> Assignment
Once you have located the line containing "中班主題活動教案：認識小草教案(附教學反思)" in the material below, return it exactly along with each line after it through the line containing "Scottish Fold Short Hair".

> Material for this exercise
──────────────────────────────

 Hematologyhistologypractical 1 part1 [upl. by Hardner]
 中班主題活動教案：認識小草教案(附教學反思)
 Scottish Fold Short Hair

──────────────────────────────

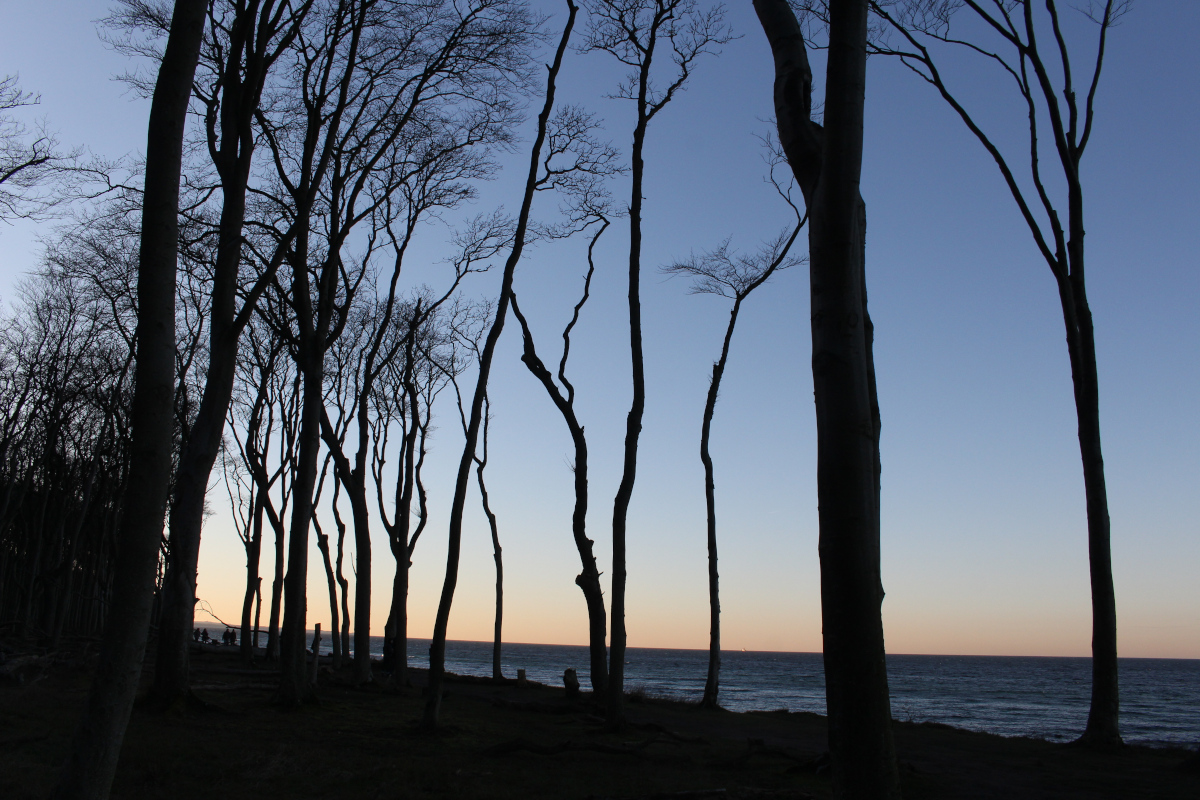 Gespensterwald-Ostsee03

──────────────────────────────

> Reply
 中班主題活動教案：認識小草教案(附教學反思)
 Scottish Fold Short Hair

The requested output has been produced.